BBC Music Magazine

In an age when, to hear the music, you often had to play it yourself, publishers would routinely issue symphonies and chamber works in arrangements for piano duo. In his informative note Anthony Goldstone remarks of the four-hands version of the Trout, made by Czech composer Josef Czerny (no relation of the more famous Carl), the year after Schubert’s death, that if we didn’t know the Quintet we could happily accept the duo as the original. The trouble is that we do know it.

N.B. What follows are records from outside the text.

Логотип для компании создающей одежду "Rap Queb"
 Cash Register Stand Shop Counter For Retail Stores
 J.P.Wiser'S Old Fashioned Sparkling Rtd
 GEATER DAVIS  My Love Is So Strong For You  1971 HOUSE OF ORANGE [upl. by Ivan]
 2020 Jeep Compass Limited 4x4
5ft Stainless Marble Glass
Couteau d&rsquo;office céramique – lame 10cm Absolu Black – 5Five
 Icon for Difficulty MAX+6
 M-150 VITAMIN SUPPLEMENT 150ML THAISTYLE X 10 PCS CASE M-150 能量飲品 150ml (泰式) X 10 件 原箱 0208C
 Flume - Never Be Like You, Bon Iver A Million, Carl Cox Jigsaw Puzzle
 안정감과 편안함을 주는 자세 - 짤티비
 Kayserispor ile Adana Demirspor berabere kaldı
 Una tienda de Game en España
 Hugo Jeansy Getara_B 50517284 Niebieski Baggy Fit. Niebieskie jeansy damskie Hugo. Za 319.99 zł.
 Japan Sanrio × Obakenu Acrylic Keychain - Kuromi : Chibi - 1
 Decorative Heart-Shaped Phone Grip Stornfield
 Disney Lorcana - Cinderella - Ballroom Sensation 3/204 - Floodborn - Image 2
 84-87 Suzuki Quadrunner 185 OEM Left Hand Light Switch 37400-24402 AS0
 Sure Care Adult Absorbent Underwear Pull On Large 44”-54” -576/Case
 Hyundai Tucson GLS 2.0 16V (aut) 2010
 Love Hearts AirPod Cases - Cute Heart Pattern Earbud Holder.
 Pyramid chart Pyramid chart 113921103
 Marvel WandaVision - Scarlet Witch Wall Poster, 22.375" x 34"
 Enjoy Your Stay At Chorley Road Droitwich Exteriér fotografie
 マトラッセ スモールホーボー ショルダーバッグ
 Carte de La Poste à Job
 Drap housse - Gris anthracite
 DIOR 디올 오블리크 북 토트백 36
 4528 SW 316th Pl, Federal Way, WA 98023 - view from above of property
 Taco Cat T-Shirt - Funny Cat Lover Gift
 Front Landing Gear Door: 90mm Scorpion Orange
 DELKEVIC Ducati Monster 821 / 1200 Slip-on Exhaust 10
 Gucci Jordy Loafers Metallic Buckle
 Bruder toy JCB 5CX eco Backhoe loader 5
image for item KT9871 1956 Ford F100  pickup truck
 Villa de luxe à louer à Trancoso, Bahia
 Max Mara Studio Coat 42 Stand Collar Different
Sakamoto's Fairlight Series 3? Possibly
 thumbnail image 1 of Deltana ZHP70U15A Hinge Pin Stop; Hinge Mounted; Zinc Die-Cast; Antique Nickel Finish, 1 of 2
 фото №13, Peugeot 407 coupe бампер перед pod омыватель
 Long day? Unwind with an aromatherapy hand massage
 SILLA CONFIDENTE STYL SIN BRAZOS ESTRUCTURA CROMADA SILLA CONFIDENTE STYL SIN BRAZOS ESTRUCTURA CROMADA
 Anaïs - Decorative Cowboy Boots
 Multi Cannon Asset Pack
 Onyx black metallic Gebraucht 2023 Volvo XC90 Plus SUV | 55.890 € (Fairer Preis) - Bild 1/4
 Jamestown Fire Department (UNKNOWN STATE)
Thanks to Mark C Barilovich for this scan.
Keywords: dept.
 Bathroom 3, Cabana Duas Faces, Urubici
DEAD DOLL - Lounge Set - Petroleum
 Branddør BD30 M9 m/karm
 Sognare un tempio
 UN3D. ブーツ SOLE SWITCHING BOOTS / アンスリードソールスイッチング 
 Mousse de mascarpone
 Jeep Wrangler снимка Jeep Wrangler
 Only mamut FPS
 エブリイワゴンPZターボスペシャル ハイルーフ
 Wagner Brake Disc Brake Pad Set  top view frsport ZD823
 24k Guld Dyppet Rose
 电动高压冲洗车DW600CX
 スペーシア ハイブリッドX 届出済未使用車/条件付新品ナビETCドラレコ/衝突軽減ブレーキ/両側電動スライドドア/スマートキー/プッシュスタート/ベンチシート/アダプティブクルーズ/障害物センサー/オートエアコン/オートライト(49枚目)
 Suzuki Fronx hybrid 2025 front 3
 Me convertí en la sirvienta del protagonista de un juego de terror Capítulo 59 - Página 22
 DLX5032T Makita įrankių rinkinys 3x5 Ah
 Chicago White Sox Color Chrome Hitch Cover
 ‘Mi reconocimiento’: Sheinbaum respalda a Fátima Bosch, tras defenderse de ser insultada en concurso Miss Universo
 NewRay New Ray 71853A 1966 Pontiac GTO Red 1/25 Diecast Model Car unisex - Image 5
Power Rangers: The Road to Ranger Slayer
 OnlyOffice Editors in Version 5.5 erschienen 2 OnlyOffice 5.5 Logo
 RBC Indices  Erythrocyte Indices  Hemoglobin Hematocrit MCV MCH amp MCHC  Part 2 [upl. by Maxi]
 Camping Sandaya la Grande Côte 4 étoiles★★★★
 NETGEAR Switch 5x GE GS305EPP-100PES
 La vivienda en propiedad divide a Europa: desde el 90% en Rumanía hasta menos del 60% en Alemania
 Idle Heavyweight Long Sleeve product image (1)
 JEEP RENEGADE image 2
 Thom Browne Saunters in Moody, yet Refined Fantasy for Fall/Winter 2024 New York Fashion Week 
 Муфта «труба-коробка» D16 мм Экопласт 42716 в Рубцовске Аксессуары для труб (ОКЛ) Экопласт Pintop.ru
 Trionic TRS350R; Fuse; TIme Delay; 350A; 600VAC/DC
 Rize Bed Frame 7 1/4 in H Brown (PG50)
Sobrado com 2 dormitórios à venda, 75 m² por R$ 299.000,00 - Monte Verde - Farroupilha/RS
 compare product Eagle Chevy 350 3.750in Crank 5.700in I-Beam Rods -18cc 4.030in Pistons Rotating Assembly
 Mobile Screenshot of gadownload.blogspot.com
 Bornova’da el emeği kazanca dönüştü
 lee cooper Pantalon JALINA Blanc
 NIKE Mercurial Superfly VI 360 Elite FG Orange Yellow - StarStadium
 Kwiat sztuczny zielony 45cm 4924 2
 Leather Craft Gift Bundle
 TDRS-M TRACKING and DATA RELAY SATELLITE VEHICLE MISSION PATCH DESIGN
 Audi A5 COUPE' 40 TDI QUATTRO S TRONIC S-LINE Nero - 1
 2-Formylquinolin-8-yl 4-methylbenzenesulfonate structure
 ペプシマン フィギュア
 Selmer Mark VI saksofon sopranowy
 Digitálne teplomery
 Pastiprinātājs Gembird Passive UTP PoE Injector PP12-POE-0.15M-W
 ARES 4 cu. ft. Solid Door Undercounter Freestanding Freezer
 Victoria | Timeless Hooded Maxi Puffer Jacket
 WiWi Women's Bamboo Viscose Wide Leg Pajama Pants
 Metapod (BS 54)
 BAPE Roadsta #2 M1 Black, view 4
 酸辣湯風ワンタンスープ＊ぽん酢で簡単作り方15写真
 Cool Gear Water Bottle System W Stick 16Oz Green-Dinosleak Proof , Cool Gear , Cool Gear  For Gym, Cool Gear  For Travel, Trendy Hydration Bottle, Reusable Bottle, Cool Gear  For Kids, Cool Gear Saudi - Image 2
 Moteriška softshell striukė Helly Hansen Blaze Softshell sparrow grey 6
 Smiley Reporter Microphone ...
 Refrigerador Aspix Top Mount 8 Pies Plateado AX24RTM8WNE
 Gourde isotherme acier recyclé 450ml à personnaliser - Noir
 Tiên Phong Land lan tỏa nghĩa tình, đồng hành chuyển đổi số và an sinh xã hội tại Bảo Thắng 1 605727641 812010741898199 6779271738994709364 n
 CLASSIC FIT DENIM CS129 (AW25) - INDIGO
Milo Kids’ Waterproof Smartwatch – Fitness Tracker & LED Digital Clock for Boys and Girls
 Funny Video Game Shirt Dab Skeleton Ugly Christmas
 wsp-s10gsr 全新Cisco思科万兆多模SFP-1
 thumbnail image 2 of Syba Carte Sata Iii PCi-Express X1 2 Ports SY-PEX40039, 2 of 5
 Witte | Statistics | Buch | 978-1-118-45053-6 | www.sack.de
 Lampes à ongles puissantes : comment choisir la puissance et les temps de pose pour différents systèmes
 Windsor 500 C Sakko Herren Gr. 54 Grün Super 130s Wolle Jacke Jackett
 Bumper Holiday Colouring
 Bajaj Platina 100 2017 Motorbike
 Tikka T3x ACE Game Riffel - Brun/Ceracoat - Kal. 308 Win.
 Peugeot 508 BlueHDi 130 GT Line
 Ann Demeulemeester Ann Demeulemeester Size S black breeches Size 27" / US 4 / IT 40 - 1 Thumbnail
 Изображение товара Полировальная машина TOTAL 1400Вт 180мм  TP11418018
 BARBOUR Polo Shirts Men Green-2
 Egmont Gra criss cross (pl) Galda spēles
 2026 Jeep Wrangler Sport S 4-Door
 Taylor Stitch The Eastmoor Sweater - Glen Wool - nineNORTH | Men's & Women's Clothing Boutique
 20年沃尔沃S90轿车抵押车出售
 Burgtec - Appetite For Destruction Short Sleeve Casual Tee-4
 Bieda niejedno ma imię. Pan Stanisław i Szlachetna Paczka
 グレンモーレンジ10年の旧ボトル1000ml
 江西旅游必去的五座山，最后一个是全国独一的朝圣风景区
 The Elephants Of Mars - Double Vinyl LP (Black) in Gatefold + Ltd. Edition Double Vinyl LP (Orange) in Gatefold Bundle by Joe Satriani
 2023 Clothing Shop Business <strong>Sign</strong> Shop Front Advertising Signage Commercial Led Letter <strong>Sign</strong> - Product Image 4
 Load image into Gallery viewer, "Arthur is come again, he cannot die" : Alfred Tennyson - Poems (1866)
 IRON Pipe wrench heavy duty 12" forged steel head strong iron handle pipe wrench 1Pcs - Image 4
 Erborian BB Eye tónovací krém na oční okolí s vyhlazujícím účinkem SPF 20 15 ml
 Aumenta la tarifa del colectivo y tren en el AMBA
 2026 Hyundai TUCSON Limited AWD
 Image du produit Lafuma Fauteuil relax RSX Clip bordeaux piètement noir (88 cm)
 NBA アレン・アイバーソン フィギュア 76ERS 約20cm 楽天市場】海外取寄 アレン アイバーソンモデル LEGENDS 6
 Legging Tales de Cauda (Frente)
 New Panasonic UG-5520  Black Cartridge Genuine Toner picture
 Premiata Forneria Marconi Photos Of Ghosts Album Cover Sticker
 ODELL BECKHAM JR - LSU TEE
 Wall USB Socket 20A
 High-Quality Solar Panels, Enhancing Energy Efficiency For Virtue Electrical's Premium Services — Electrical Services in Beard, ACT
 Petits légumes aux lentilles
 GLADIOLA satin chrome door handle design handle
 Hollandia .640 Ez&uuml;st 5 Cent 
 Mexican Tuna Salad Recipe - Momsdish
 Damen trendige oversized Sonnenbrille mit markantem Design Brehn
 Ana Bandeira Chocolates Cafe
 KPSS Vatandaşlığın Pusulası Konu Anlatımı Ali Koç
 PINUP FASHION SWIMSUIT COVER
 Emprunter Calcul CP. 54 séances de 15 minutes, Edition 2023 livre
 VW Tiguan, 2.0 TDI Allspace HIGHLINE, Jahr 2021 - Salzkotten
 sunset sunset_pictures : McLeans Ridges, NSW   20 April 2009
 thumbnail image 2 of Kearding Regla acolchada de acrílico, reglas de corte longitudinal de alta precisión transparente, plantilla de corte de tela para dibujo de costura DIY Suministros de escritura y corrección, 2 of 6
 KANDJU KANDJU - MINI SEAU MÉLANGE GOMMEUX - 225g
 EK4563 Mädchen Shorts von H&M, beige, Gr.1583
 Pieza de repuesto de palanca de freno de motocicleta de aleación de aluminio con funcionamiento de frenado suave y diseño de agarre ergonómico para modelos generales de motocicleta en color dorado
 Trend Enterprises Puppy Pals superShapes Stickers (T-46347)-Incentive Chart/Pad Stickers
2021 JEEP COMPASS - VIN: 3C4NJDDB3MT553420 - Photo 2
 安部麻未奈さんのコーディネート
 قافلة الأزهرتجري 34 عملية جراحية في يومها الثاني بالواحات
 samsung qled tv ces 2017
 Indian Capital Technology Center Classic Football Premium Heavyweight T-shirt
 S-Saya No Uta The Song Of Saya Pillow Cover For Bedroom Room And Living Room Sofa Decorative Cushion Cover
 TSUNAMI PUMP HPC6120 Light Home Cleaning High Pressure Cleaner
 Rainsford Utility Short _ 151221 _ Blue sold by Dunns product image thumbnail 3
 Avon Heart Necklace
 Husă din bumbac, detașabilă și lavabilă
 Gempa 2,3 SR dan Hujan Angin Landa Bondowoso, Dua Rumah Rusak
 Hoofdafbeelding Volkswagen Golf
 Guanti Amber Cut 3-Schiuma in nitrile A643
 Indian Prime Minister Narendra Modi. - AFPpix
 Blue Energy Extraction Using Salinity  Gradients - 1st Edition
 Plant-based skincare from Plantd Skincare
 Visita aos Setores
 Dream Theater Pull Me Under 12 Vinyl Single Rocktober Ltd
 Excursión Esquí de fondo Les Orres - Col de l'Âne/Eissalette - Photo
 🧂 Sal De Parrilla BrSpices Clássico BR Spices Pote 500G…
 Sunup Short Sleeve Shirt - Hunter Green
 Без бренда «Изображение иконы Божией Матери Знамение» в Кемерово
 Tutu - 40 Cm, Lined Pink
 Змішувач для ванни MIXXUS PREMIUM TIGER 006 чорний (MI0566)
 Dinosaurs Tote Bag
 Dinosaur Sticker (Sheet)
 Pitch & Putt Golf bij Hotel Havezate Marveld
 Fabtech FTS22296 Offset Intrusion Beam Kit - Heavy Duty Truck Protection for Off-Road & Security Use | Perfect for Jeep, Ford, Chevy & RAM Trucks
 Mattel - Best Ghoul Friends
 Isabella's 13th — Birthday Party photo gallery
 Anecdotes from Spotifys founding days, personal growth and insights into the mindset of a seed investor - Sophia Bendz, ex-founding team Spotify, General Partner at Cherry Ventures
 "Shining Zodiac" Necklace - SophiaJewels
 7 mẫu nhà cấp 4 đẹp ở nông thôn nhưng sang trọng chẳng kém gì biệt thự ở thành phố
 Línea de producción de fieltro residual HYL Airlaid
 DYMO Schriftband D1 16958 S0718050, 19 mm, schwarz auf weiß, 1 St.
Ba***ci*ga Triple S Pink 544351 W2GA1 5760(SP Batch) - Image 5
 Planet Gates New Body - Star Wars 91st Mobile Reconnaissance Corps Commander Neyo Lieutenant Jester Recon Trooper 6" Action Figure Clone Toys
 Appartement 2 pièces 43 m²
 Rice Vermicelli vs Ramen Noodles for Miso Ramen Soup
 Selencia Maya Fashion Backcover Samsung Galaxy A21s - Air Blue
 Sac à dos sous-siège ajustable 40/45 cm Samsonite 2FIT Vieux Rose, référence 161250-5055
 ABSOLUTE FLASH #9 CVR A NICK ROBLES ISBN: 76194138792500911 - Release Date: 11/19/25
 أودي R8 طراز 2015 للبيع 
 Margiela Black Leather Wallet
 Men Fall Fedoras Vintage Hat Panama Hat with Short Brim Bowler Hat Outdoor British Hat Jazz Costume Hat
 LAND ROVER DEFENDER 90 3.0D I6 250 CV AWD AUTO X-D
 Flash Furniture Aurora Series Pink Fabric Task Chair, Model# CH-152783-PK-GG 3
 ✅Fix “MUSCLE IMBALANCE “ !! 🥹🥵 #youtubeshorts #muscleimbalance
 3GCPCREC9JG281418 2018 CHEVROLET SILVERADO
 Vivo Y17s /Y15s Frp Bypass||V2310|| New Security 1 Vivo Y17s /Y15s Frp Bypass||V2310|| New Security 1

And though Czerny did a thoroughly professional job, and the performance has a robust alfresco vigour – if hardly the last degree of poetry or finesse – we inevitably miss the sustaining power of the strings and the delightful contrasts of timbre on which so much of the invention is built.

There are no such problems in Hungarian composer Ede Poldini’s entertaining, over-the-top study on the E flat Impromptu, D. 899/2, which at one point mischievously slips in a theme from the Wanderer Fantasy. And Prokofiev’s piquant, glittering take on a sequence of waltzes and German Dances is well worth hearing. Performances are always enjoyable if longer on breezy energy than colouristic subtlety (though the bright, resonant church acoustic hardly flatters the piano sound.) Goldstone himself offers a skilful, sensitively harmonised realisation of a polonaise fragment (D.618a) that Schubert left as a melodic outline. But it’s hard to work up any enthusiasm for the crude transcription (by Schubert’s friend Josef Hüttenbrenner) of the Rosamunde Overture, or the arrangements of the Adagio from the C major Quintet; if ever medium and message were indivisible, it is here.